Apereo CAS - Testing High Availability

Posted by Misagh Moayyed on July 15, 2021 · 8 mins read ·

A highly available CAS deployment offers resilience in response to various failure modes such that CAS continues to offer SSO services despite failures. A high availability (HA) configuration of CAS is achieved by ensuring there is adequate redundancy so that the service is robust in the face of component failures and that routine maintenance can be done without service downtime.

In this post, we will take a brief look at the high availability deployment requirements with CAS in a multi-node CAS, and effective ways to ensure workloads are distributed across the entire CAS cluster.

Our starting position is as follows:

Overview

A highly available CAS deployment is composed of two or more nodes behind a load balancer typically in an active/active mode. Active-active configuration is possible with a clustered, distributed ticket registry state such that any available CAS node can service any request for the CAS server. Several options are available for implementing an active-active configuration with a shared ticket state.

For a highly-available CAS deployment, running CAS backed by a distributed ticket registry such as the Hazelcast Ticket Registry can be a great option, though the choice of the ticket registry generally has little to no impact on the testing techniques described here. HA can be achieved by implementing a multi-node CAS deployment running on multiple VMs or physical hosts. This approach is attractive since it allows true zero downtime maintenance of the service at the cost of a marginal increase in deployment complexity.

In summary, multi-node CAS generally involves the following:

  • Installing multiple instances of the CAS server so that one or more of the servers can be destroyed without the CAS service becoming unavailable.
  • Configuring the multiple instances of the CAS server to share ticket state so that regardless of which CAS server a user or service interacts with, the response from each CAS server is the same.

Testing

To test CAS in high availability mode, you will need to start with a CASified application that would act as the client to exercise the CAS server.

Note
We assume the client application is already registered with CAS server as an authorization client application. Furthermore, note that the CAS server version is not relevant to this testing technique, and the strategy applies all the same so long as CAS is configured and deployed in a cluster.
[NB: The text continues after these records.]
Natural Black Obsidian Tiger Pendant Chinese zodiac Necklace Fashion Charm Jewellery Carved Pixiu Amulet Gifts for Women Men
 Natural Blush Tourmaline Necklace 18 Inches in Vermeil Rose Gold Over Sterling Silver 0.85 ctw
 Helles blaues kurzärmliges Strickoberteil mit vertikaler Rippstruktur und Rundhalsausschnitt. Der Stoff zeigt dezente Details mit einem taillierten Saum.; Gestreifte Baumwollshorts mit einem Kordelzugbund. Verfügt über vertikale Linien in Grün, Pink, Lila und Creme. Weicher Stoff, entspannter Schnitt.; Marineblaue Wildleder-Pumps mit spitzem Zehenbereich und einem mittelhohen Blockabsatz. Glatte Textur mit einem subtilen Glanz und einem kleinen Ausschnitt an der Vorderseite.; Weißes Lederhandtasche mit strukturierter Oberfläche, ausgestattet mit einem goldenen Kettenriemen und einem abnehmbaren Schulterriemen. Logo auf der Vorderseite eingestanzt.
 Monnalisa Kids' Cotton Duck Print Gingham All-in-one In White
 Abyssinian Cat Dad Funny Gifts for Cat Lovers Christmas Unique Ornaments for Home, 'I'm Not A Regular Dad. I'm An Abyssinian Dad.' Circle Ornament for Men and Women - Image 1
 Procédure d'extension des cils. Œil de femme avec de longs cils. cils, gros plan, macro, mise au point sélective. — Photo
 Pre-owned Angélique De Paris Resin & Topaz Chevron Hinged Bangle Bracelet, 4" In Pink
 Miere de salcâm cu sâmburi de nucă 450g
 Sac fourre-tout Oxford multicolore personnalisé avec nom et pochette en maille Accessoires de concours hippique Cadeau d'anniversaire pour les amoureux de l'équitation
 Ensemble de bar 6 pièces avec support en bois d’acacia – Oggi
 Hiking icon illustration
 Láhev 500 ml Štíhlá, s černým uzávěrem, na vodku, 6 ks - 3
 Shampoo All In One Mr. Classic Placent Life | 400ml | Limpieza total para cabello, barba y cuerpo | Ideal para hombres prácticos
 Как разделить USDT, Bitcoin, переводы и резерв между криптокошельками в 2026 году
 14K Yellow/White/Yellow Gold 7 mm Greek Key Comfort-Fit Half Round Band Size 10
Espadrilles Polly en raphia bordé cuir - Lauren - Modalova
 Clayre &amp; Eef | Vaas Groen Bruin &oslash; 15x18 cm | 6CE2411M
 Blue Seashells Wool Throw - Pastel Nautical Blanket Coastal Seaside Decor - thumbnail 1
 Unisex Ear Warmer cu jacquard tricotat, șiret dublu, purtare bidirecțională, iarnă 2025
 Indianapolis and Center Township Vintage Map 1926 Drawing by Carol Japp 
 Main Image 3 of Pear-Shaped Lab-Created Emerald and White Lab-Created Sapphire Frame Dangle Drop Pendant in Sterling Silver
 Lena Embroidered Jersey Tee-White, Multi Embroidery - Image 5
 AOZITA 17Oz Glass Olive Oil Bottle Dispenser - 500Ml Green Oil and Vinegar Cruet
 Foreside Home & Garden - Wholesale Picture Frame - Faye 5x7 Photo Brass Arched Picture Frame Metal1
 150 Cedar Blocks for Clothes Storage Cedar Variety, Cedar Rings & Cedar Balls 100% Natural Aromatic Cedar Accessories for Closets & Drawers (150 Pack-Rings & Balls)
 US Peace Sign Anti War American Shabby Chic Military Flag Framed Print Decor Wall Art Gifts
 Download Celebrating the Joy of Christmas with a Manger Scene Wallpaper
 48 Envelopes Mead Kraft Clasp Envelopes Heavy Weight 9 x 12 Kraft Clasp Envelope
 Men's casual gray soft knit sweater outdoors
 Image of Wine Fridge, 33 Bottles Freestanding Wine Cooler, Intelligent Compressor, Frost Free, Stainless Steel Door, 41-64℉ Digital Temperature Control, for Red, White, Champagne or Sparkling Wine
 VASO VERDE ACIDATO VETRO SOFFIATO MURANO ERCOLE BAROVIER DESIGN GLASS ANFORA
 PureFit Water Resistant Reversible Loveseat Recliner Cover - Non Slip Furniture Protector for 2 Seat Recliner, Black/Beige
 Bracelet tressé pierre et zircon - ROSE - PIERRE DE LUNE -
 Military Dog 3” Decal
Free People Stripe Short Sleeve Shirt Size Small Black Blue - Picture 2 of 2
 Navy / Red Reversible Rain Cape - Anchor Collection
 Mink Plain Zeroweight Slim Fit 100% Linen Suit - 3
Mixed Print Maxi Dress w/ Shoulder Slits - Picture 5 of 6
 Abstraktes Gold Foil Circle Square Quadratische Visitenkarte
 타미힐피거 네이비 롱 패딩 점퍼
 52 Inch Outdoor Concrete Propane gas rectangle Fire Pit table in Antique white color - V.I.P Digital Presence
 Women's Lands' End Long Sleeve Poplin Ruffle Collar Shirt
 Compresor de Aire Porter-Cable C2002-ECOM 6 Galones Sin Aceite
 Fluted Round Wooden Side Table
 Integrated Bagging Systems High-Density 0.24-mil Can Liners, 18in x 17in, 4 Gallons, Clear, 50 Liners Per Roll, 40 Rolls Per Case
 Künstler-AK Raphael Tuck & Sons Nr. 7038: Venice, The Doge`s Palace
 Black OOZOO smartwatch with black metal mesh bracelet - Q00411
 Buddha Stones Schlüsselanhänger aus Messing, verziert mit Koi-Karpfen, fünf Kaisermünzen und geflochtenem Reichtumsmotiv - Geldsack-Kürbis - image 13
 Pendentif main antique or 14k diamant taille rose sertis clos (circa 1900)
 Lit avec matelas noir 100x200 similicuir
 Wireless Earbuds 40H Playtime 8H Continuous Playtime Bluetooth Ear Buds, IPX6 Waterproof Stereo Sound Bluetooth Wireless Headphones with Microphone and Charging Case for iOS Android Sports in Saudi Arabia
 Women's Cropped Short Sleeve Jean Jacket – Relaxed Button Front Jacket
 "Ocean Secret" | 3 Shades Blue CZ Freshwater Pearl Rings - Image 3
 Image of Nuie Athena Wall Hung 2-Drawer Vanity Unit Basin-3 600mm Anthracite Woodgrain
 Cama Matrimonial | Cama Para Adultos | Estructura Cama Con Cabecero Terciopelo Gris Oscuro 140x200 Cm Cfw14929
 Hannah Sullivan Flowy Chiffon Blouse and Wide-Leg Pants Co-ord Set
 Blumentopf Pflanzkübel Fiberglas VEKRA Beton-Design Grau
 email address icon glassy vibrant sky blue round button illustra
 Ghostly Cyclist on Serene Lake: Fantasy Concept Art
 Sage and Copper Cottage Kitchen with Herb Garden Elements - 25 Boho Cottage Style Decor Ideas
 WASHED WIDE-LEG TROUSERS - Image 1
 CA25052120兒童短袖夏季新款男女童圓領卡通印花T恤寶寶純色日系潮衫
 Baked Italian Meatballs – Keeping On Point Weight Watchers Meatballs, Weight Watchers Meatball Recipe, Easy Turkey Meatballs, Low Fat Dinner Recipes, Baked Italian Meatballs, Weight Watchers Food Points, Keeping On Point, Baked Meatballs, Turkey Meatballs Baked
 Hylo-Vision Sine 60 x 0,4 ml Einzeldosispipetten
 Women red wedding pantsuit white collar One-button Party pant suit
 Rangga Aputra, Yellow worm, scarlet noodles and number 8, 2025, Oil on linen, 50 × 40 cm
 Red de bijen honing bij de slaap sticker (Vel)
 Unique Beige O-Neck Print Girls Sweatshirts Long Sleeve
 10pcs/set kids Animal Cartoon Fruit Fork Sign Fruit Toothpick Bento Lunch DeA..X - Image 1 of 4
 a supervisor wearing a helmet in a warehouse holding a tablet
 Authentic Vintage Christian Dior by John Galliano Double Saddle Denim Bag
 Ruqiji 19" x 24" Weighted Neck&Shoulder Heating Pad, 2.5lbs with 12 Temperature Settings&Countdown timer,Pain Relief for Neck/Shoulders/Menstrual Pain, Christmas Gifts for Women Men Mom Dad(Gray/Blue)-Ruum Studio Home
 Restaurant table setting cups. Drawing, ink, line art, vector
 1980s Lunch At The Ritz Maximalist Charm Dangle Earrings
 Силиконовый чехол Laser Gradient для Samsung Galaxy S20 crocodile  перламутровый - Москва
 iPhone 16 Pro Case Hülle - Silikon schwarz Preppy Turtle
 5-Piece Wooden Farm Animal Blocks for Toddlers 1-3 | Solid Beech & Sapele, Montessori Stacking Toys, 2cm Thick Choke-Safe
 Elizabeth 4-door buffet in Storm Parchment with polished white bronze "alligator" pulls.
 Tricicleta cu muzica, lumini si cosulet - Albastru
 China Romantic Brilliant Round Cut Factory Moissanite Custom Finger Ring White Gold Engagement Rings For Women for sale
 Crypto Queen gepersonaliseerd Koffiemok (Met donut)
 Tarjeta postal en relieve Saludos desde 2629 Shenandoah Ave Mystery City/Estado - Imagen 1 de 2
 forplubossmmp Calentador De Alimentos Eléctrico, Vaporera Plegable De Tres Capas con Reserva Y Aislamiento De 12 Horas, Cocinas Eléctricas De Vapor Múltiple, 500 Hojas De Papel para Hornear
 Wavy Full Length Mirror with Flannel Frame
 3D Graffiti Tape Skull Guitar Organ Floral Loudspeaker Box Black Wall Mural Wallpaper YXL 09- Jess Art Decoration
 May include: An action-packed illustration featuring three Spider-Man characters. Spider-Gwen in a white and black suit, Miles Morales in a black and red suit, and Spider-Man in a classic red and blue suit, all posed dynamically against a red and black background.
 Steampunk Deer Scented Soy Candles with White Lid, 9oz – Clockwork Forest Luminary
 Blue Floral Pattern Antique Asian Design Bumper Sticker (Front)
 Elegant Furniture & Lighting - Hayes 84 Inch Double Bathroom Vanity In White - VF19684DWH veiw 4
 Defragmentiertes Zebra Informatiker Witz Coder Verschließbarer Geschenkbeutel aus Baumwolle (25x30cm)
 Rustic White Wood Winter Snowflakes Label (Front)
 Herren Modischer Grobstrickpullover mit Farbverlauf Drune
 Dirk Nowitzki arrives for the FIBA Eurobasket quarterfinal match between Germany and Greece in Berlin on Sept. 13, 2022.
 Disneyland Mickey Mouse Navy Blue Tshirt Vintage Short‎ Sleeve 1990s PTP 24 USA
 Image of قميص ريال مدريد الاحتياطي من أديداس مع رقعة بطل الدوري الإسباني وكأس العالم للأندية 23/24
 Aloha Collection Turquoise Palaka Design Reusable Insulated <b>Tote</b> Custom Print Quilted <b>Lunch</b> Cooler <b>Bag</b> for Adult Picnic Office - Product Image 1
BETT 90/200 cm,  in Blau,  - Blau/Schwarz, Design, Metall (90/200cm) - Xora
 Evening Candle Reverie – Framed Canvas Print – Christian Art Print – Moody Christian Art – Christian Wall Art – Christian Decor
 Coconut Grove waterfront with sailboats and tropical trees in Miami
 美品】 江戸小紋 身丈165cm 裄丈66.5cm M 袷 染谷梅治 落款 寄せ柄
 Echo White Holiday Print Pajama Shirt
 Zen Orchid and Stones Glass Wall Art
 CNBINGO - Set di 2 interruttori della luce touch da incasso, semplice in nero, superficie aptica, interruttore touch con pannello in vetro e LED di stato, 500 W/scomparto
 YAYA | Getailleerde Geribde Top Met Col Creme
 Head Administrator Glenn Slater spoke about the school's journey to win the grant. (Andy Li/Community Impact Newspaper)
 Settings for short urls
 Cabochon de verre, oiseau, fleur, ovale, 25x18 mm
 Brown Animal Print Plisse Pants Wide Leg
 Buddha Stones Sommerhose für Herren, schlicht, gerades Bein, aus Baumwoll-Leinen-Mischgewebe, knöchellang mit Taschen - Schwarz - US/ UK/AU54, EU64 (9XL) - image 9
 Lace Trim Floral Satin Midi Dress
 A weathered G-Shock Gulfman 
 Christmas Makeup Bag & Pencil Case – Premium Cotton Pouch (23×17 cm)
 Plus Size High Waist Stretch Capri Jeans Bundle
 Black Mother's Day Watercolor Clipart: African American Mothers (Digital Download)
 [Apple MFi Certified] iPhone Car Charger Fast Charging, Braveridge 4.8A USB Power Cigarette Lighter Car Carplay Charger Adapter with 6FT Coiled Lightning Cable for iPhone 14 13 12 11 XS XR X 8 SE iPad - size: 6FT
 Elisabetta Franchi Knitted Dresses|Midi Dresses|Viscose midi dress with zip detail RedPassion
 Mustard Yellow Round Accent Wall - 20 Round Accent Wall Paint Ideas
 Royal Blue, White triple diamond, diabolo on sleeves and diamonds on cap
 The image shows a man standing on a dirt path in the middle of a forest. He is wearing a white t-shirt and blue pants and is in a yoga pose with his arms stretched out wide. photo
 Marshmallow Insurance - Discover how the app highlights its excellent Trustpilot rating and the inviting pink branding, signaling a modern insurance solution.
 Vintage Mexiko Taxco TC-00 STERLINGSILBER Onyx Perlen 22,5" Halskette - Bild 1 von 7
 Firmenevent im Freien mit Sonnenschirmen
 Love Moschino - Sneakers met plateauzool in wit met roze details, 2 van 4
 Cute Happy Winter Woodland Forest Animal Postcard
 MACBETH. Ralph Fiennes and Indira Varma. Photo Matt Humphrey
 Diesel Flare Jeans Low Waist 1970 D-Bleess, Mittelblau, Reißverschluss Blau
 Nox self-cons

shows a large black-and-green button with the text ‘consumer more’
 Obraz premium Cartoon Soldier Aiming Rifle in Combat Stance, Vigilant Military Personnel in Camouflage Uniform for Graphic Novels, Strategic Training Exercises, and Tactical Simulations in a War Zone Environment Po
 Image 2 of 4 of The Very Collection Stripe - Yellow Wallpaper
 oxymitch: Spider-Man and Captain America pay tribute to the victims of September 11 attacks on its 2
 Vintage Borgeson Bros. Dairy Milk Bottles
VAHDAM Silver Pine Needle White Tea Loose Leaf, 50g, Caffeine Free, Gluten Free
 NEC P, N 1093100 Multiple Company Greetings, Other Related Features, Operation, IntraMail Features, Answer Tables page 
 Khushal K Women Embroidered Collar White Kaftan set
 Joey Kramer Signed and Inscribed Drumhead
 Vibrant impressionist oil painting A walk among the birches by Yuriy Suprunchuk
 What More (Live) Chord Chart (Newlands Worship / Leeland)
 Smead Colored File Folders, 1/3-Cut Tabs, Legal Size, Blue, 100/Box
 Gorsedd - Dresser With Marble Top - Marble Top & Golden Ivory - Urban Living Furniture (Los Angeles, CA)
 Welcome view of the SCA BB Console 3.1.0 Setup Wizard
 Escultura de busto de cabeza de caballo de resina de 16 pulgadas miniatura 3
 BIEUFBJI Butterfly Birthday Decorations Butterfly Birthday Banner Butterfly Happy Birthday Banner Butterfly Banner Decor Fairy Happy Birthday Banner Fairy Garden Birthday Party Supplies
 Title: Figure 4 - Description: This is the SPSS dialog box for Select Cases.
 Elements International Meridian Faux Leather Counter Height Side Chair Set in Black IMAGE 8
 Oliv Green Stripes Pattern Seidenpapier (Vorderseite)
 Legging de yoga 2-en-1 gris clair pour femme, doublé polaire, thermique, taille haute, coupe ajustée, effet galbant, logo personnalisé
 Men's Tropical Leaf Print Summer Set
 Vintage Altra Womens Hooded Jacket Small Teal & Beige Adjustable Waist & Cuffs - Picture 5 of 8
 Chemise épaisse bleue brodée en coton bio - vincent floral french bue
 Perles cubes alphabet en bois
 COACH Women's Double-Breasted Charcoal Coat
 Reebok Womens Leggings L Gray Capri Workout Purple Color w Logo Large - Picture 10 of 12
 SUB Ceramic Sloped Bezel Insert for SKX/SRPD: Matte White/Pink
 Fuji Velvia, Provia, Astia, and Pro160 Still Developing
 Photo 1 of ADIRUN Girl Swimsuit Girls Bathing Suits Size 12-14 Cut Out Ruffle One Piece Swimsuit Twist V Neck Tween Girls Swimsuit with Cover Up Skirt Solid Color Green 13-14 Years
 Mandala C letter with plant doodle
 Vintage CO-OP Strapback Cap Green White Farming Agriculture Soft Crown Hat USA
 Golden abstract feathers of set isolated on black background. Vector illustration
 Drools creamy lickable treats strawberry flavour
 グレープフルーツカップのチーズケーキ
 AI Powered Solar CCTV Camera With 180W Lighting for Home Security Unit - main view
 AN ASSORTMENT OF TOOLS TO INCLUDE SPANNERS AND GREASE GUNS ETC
This application communicates with a CAS server using the Java CAS Client, which is quite traditionally configured in the application’s src/main/webapp/WEB-INF/web.xml file:

<filter>
  <filter-name>CAS Authentication Filter</filter-name>
  <filter-class>oj.c.c.a.AuthenticationFilter</filter-class>
  <init-param>
    <param-name>casServerLoginUrl</param-name>
    <param-value>https://sso.example.org/cas/login</param-value>
  </init-param>
  ...
</filter>

<filter>
  <filter-name>CAS Validation Filter</filter-name>
  <filter-class>o.j.c.c.v.Cas30ProxyReceivingTicketValidationFilter</filter-class>
  <init-param>
    <param-name>casServerUrlPrefix</param-name>
    <param-value>https://sso.example.org/cas</param-value>
  </init-param>
  ...
</filter>

The most important settings in the above configuration that are relevant for high availability are the public addresses of the CAS server, defined by casServerLoginUrl and casServerUrlPrefix parameters. All values point to the canonical address of the CAS server which typically is the load balancer’s address, and in return, the proxy knows of the CAS server node that would ultimately handle the traffic.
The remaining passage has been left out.